Spend quality time with the child. In today's society, its hard to have time for yourself; therefore, dedicate certain hours in the day or certain days out of the week for time to spend with the child. Be sure to minimize interruptions such as cell phones, visitors, televisions and computers. Be consistent. Do not show that spending quality time with this child is a burden.
When you notice the child's teacher being a negative impact on the child's self esteem, interfere, address it immediately – even if it takes removing your child from the presence of this teacher. Remember, your child gets one chance at life.
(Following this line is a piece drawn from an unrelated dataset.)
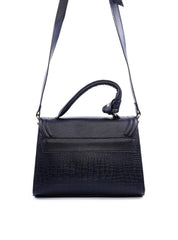 Bolsa Satchel Alça Dupla e Detalhes em Costura - Preta BSI-6076 - PR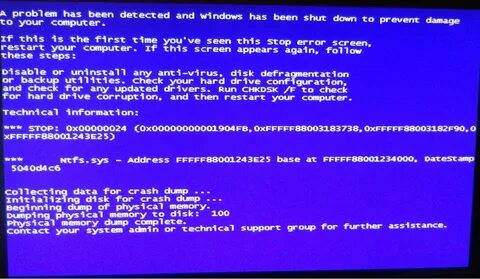 Win32kbase sys синий экран 10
At times, your child need to see and hear that you will fight for them no matter what.
Avoid giving too much responsibility too soon. Let the child be free of worry, stress, deadlines and severe consequences for tasks they shouldn't be responsible for in the first place. Everyone has one chance at childhood. Let the child have theirs.
Stop the cycle of verbal or physical abuse. Seek professional help immediately for all parties involved.
Give time to be creative, make a mess and explore. It will also be helpful to give the child a task to complete knowing they'll be good at. This is a quick and easy way to build self esteem and confidence.
Never blame, tease the child, make comments to make them feel they aren't good enough or allow it from anyone else. Also realize, you won't be around the child 24/7 and their will be times when they'll have to defend themselves. It'll be easier for the child to do this if the child has healthy self esteem levels.
Make certain the child feels secure. Build trust. Show them you'll be there when you are needed. Minimize too much change. Let the child go at their own pace as much as you can.
When the child is asked a question, give them time to speak and think for themselves. Minimize answering questions for them.
Stop standing over their shoulders and correcting EVERYTHING the child does. This action alone will hurt a child's self esteem. It can make them feel you don't trust them, think they're worthy or smart enough.
Remember to: pay attention, observe your behaviors and the child's behaviors, then act on it - immediately. Continue reading, learning, seeking advice from people you love and trust. Surround yourself and the child with support, positivity and love.